Kayea ferruginea
- Conservation status: Least Concern (IUCN 3.1)

Scientific classification
- Kingdom: Plantae
- Clade: Tracheophytes
- Clade: Angiosperms
- Clade: Eudicots
- Clade: Rosids
- Order: Malpighiales
- Family: Calophyllaceae
- Genus: Kayea
- Species: K. ferruginea
- Binomial name: Kayea ferruginea Pierre
- Synonyms: Kayea acuminatissima Merr.; Kayea macrocarpa Pierre; Mesua acuminatissima (Merr.) Kosterm.; Mesua ferruginea (Pierre) Kosterm.; Mesua macrocarpa (Pierre) Kosterm.;

= Kayea ferruginea =

- Genus: Kayea
- Species: ferruginea
- Authority: Pierre
- Conservation status: LC
- Synonyms: Kayea acuminatissima Merr., Kayea macrocarpa Pierre, Mesua acuminatissima (Merr.) Kosterm., Mesua ferruginea (Pierre) Kosterm., Mesua macrocarpa (Pierre) Kosterm.

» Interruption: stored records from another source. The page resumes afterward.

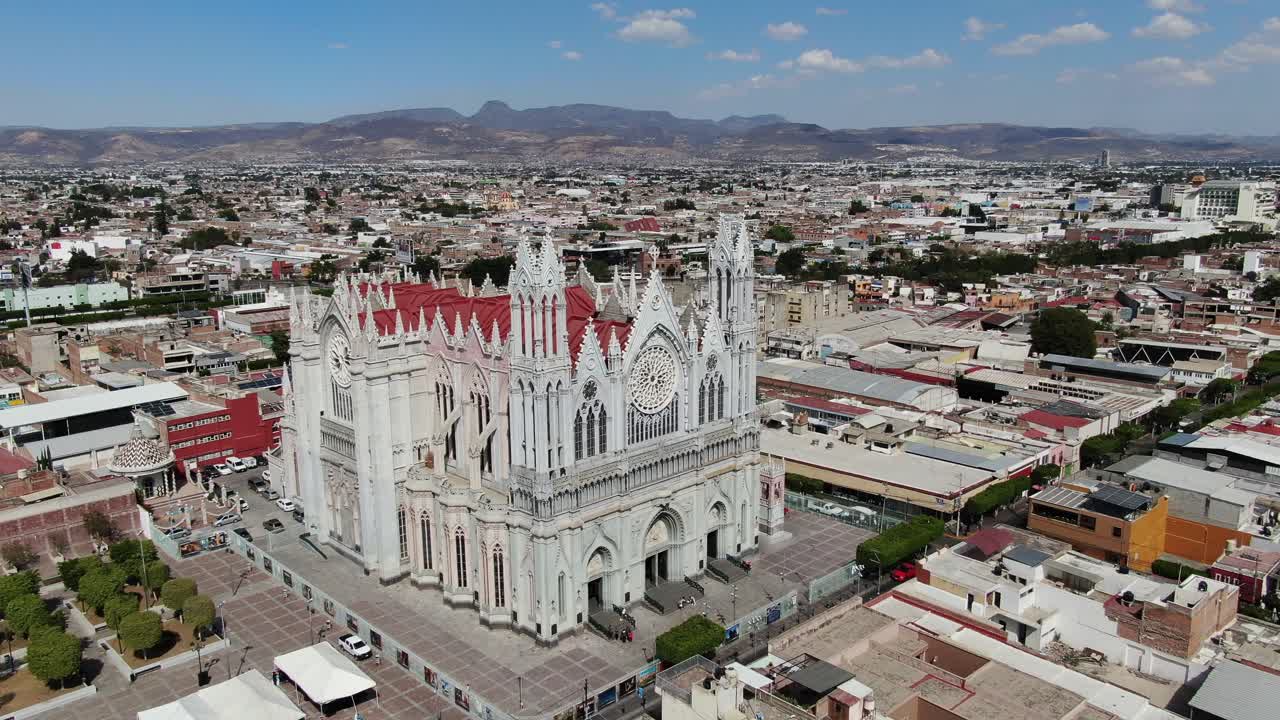tiro de drone do templo expiatório da catedral de león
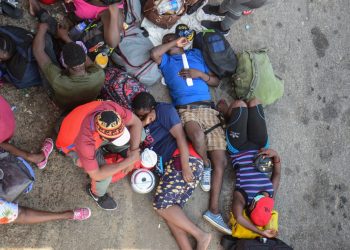 El peligro espera a los migrantes que Estados Unidos regresa a México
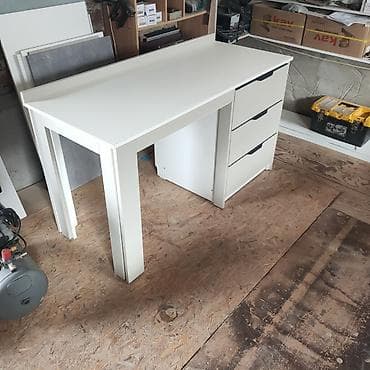 Комплекты мягкой мебели: Рабочий стол 160/65-1 шт.8000с. рабочий стол 138/58-1 шт 6000с — 2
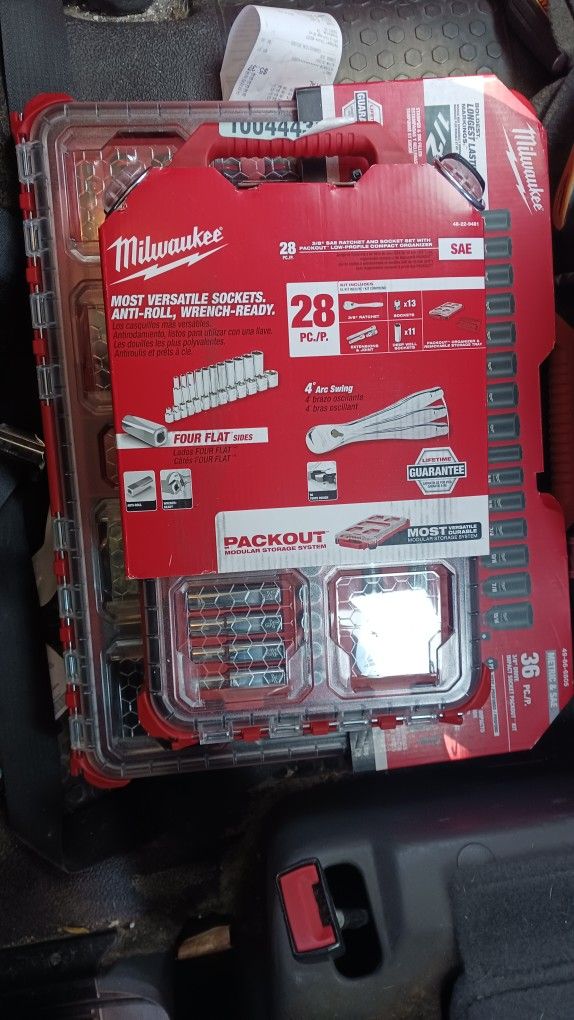 Milwaukee 28pc Socket Tool Set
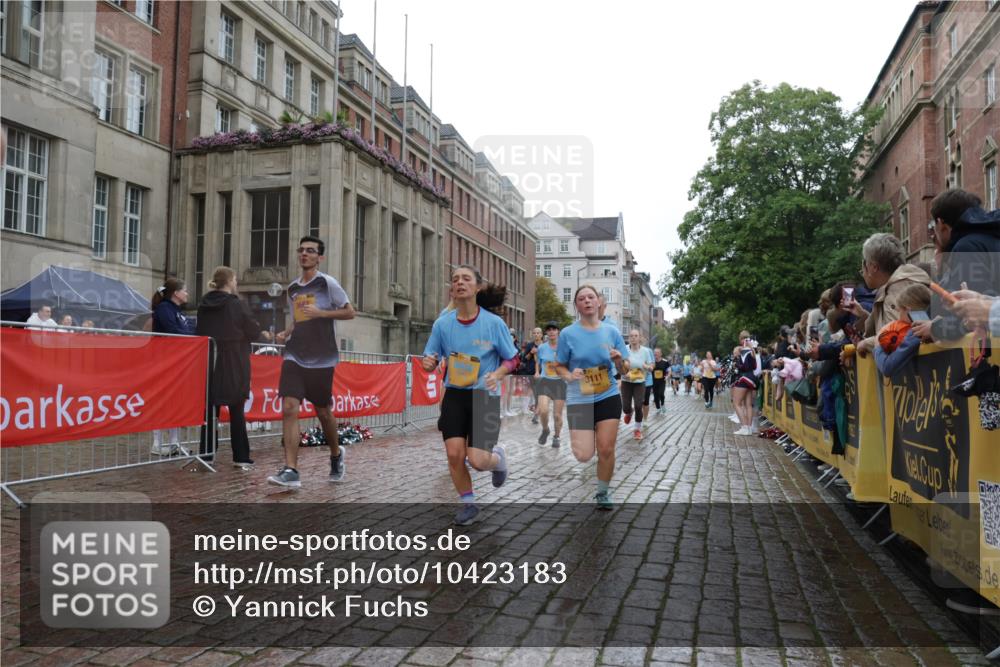 13.09.2026 - Kiel Lauf Yannick Fuchs http://msf.ph/oto/10423183 13.09.2026 10:58:22 Ziel 91, 819, 1253, 1404, 1858, 1910, 1978, 2309, 2752, 3222, 3326, 3559, 3671, 3833, 3842, 4160, 4212, 5172, 5314, 5605, 5668, 6982, 7256, 7315, 7340, 7482, 7856, 7949, 9309, 9458, 9476, 9809, 9827, 9937, 10364, 10503, 10805, 11023, 11460, 11759, 12123, 12199, 12345, 12456, 12701, 12821, 352, 353, 721, 833, 905, 987, 1220, 1351, 1517, 1567, 1778, 2234, 3111, 3325, 3326, 3661, 4250, 4340, 4497, 4592, 4754, 4765, 5154, 5163, 5232, 5540, 5958, 6345, 6353, 6425, 6805, 6982 meine-sportfotos.de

Species of flowering plant

Kayea ferruginea is a species of flowering plant belonging to Calophyllaceae family. It is a free native to southern Indochina (Cambodia, Thailand, and Vietnam), Peninsular Malaysia, Singapore, and Borneo. It grows in lowland tropical moist forests, typically along streams at low elevations.

The local or common name has been said to be Sembawang tree in a paper. Thus, giving the area of Sembawang its name.

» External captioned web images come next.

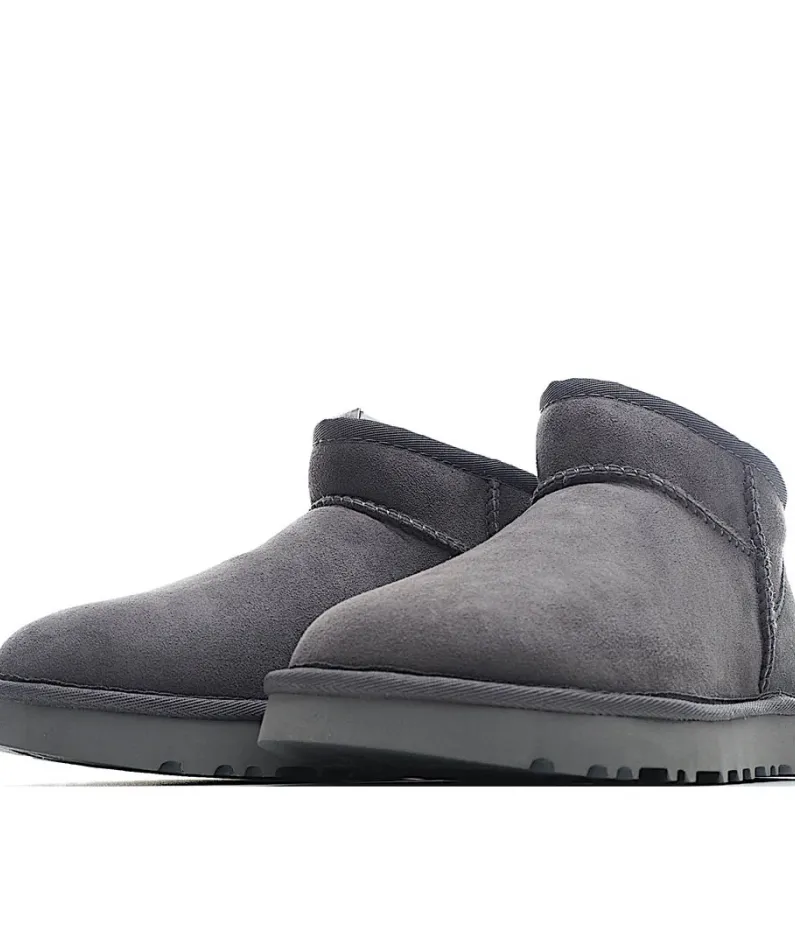 UGG Classic Mini series snow boots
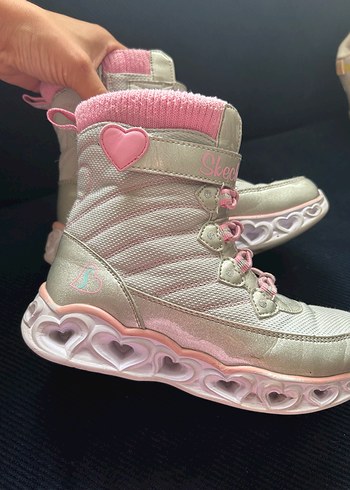 32 Beden Skechers bot Kız Çocuk Pembe Kalp Detaylı Bot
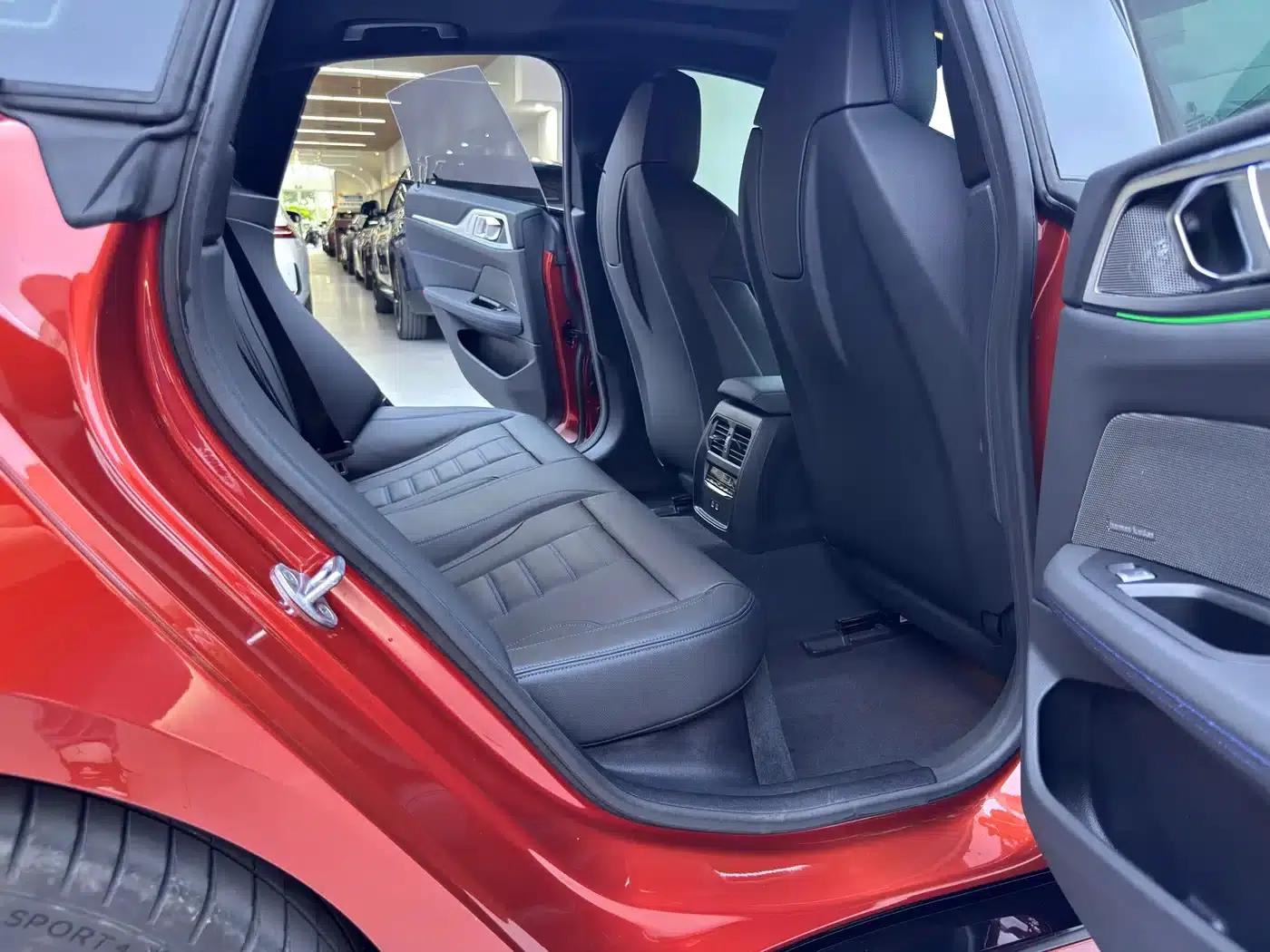 BMW i4 M 2023 M50 — миниатюра 16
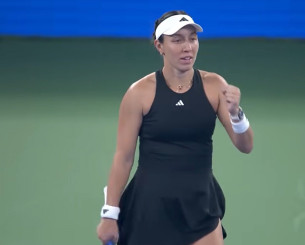 Η Πεγκούλα πήρε τη δεύτερη νίκη κόντρα στη Σαμπαλένκα κι έφυγε για τελικό (videos)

It grows 8 to 12 metres tall. The fruits are 6 cm across, enveloped in four loose leathery fleshy sepals. Flowers found in short, axillary panicles and leaves are elliptic of 8 x 3 to 12 x 4.5 cm size.

In Peninsular Malaysia the species has been recorded in Eastern Johore, Sungei Endau southwards, Pahang, Ayer Etam, Kelantan, Temangan.

The species was described by Jean Baptiste Louis Pierre in 1885.